Exhibit 10.2
CONSENT AGREEMENT
CONSENT AGREEMENT, dated as of June 19, 1998 by and among ADVANCED
COMMUNICATION SYSTEMS, INC., INTEGRATED SYSTEMS CONTROL, INC., RF MICROSYSTEMS,
INC. and ADVANCED MANAGEMENT, INC. (together with any other Person that has
become a borrower to the Credit Agreement as provided therein, collectively, the
"Borrowers" and individually each a "Borrower"), the banks and other financial
institutions parties to this Agreement (the "Lenders"), and NationsBank, N.A. as
agent (in such capacity, the "Agent") for the Lenders (this "Agreement").
WITNESSETH:
WHEREAS, the Borrowers, the Lenders and the Agent are parties to the
Credit Agreement dated as of February 17, 1998 (as amended, supplemented or
otherwise modified from time to time, the "Credit Agreement");
WHEREAS, the Borrowers may borrow under the Agreement for the purpose
of acquiring Acquired Businesses, as defined in the Credit Agreement, upon the
terms, and subject to the conditions set forth in the Credit Agreement and this
Agreement;
WHEREAS, Advanced Communication Systems, Inc. ("ACS Inc.")
has requested that Loans be made under the Credit Agreement, the proceeds of
which are to be used for the acquisition of SEMCOR Stock (as hereinafter
defined);
WHEREAS, the Agent and the Lenders are willing to provide financing to
ACS Inc. for the acquisition of such SEMCOR Stock only upon the terms and
subject to the conditions set forth herein;
NOW, THEREFORE, in consideration of the premises and the mutual
covenants contained herein, the parties hereto hereby agree as follows:
SECTION 1. DEFINITIONS
1.0. Defined Terms. Unless otherwise defined herein, terms defined in
the Credit Agreement and used herein are used as defined and the following terms
shall have the following meanings:
"Acquired Government Contracts": the Government Contracts, as defined
in the SEMCOR Stock Purchase
Agreement.
"Acquisition Date": the date on which the SEMCOR Stock is acquired by
ACS Inc. pursuant to the terms of the SEMCOR Stock Purchase Agreement.
"Agent": as defined in the preamble to this Agreement.
"Borrowers": as defined in the preamble to this Agreement.
"Credit Agreement": as defined in the preamble to this Agreement.
"Lenders": as defined in the preamble to this Agreement.
"SEMCOR": SEMCOR, Inc., a New Jersey corporation.
"SEMCOR Stock": the two hundred (200) Company Shares (as defined in the
SEMCOR Stock Purchase Agreement) which number of shares shall represent one
hundred percent (100%) of the issued and outstanding common stock.

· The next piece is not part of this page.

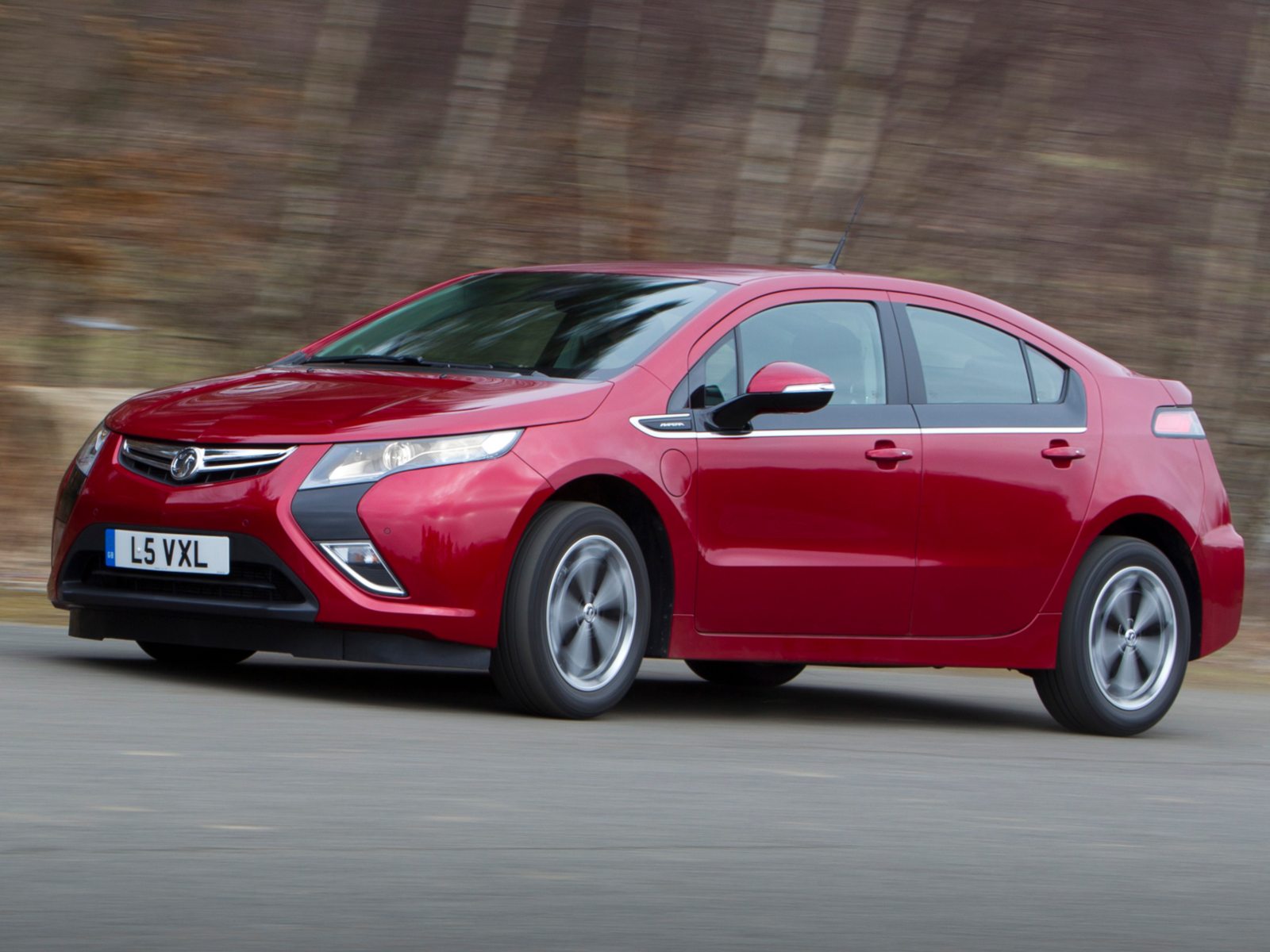 Vauxhall Ampera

"SEMCOR Stock Purchase Agreement": the Stock Purchase Agreement
effective as of June 19, 1998, among ACS Inc. as buyer, and Xxxxxxx X. Xxxxx and
Xxxx X. Xxxxxx, as sellers (together, the "Seller").
1.1. Other Definitional Provisions:
(a) The words "hereof", "herein" and "hereunder" and words of similar
import when used in this Agreement shall refer to this Agreement as a whole and
not to any particular provision of this Agreement, and Section and subsection
references are to this Agreement unless otherwise specified.
(b) Periods of days referred to in this Agreement shall be counted in
calendar days unless Business Days are expressly prescribed.
(c) The meanings given to terms defined herein shall be equally
applicable to both the singular and plural forms of such terms.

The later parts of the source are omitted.